*** GIVEN DATA Section Begins ***

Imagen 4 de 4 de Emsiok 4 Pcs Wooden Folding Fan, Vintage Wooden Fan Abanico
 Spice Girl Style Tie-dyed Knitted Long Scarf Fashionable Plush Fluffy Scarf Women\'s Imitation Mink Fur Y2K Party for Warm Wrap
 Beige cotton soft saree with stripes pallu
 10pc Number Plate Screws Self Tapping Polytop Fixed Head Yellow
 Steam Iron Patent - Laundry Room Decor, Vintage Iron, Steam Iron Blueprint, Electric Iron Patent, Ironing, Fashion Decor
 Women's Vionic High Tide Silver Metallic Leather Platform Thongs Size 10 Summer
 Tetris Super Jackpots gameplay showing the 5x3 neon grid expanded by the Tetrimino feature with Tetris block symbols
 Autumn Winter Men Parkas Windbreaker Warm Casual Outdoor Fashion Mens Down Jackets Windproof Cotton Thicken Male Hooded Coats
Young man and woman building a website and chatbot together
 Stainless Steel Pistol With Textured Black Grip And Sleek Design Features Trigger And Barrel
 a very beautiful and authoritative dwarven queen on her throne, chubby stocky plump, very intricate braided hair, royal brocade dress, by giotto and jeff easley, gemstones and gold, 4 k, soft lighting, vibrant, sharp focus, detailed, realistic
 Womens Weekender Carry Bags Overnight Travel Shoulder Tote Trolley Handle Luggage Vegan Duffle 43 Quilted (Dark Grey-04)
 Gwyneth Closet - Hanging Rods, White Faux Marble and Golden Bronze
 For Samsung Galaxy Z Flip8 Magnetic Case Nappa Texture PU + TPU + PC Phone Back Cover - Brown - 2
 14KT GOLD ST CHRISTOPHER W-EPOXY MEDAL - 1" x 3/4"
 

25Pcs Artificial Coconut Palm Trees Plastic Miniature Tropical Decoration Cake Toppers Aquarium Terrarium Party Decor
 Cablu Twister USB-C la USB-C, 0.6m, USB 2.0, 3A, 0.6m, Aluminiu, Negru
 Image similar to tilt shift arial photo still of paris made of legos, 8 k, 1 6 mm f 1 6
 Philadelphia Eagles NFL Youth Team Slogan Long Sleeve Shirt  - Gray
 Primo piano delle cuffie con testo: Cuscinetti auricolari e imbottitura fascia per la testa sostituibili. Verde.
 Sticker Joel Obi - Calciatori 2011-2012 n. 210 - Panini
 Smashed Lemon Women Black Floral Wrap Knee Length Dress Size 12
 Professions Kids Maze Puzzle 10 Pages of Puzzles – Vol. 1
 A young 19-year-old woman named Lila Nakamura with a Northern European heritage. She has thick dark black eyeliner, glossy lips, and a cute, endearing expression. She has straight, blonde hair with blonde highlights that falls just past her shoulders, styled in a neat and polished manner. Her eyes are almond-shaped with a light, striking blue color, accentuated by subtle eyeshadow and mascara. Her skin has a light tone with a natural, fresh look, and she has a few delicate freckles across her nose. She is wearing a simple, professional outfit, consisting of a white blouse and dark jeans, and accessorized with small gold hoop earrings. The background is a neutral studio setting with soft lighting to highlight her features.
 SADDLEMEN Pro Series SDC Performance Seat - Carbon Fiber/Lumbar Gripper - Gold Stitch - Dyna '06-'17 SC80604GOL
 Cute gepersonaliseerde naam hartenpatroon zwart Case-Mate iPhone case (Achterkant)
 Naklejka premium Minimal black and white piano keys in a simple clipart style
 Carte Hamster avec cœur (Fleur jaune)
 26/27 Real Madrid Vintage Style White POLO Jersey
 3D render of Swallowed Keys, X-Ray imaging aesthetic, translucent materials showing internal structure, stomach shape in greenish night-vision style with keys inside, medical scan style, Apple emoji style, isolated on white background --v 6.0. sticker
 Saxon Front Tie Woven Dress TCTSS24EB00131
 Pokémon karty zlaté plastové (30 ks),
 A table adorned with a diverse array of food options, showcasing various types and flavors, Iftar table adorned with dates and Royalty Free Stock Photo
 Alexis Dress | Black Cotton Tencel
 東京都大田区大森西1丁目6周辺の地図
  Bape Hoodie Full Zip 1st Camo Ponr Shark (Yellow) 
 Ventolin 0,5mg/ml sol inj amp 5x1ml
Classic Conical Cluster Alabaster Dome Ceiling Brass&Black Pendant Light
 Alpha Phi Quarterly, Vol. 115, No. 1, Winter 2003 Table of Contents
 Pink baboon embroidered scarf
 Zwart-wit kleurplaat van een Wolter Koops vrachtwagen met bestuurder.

*** GIVEN DATA Section Ends ***

WHAT YOU NEED TO DO: Reproduce the records exactly, keeping every line.

SOLVED PROBLEM:
Imagen 4 de 4 de Emsiok 4 Pcs Wooden Folding Fan, Vintage Wooden Fan Abanico
 Spice Girl Style Tie-dyed Knitted Long Scarf Fashionable Plush Fluffy Scarf Women\'s Imitation Mink Fur Y2K Party for Warm Wrap
 Beige cotton soft saree with stripes pallu
 10pc Number Plate Screws Self Tapping Polytop Fixed Head Yellow
 Steam Iron Patent - Laundry Room Decor, Vintage Iron, Steam Iron Blueprint, Electric Iron Patent, Ironing, Fashion Decor
 Women's Vionic High Tide Silver Metallic Leather Platform Thongs Size 10 Summer
 Tetris Super Jackpots gameplay showing the 5x3 neon grid expanded by the Tetrimino feature with Tetris block symbols
 Autumn Winter Men Parkas Windbreaker Warm Casual Outdoor Fashion Mens Down Jackets Windproof Cotton Thicken Male Hooded Coats
Young man and woman building a website and chatbot together
 Stainless Steel Pistol With Textured Black Grip And Sleek Design Features Trigger And Barrel
 a very beautiful and authoritative dwarven queen on her throne, chubby stocky plump, very intricate braided hair, royal brocade dress, by giotto and jeff easley, gemstones and gold, 4 k, soft lighting, vibrant, sharp focus, detailed, realistic
 Womens Weekender Carry Bags Overnight Travel Shoulder Tote Trolley Handle Luggage Vegan Duffle 43 Quilted (Dark Grey-04)
 Gwyneth Closet - Hanging Rods, White Faux Marble and Golden Bronze
 For Samsung Galaxy Z Flip8 Magnetic Case Nappa Texture PU + TPU + PC Phone Back Cover - Brown - 2
 14KT GOLD ST CHRISTOPHER W-EPOXY MEDAL - 1" x 3/4"
 

25Pcs Artificial Coconut Palm Trees Plastic Miniature Tropical Decoration Cake Toppers Aquarium Terrarium Party Decor
 Cablu Twister USB-C la USB-C, 0.6m, USB 2.0, 3A, 0.6m, Aluminiu, Negru
 Image similar to tilt shift arial photo still of paris made of legos, 8 k, 1 6 mm f 1 6
 Philadelphia Eagles NFL Youth Team Slogan Long Sleeve Shirt  - Gray
 Primo piano delle cuffie con testo: Cuscinetti auricolari e imbottitura fascia per la testa sostituibili. Verde.
 Sticker Joel Obi - Calciatori 2011-2012 n. 210 - Panini
 Smashed Lemon Women Black Floral Wrap Knee Length Dress Size 12
 Professions Kids Maze Puzzle 10 Pages of Puzzles – Vol. 1
 A young 19-year-old woman named Lila Nakamura with a Northern European heritage. She has thick dark black eyeliner, glossy lips, and a cute, endearing expression. She has straight, blonde hair with blonde highlights that falls just past her shoulders, styled in a neat and polished manner. Her eyes are almond-shaped with a light, striking blue color, accentuated by subtle eyeshadow and mascara. Her skin has a light tone with a natural, fresh look, and she has a few delicate freckles across her nose. She is wearing a simple, professional outfit, consisting of a white blouse and dark jeans, and accessorized with small gold hoop earrings. The background is a neutral studio setting with soft lighting to highlight her features.
 SADDLEMEN Pro Series SDC Performance Seat - Carbon Fiber/Lumbar Gripper - Gold Stitch - Dyna '06-'17 SC80604GOL
 Cute gepersonaliseerde naam hartenpatroon zwart Case-Mate iPhone case (Achterkant)
 Naklejka premium Minimal black and white piano keys in a simple clipart style
 Carte Hamster avec cœur (Fleur jaune)
 26/27 Real Madrid Vintage Style White POLO Jersey
 3D render of Swallowed Keys, X-Ray imaging aesthetic, translucent materials showing internal structure, stomach shape in greenish night-vision style with keys inside, medical scan style, Apple emoji style, isolated on white background --v 6.0. sticker
 Saxon Front Tie Woven Dress TCTSS24EB00131
 Pokémon karty zlaté plastové (30 ks),
 A table adorned with a diverse array of food options, showcasing various types and flavors, Iftar table adorned with dates and Royalty Free Stock Photo
 Alexis Dress | Black Cotton Tencel
 東京都大田区大森西1丁目6周辺の地図
  Bape Hoodie Full Zip 1st Camo Ponr Shark (Yellow) 
 Ventolin 0,5mg/ml sol inj amp 5x1ml
Classic Conical Cluster Alabaster Dome Ceiling Brass&Black Pendant Light
 Alpha Phi Quarterly, Vol. 115, No. 1, Winter 2003 Table of Contents
 Pink baboon embroidered scarf
 Zwart-wit kleurplaat van een Wolter Koops vrachtwagen met bestuurder.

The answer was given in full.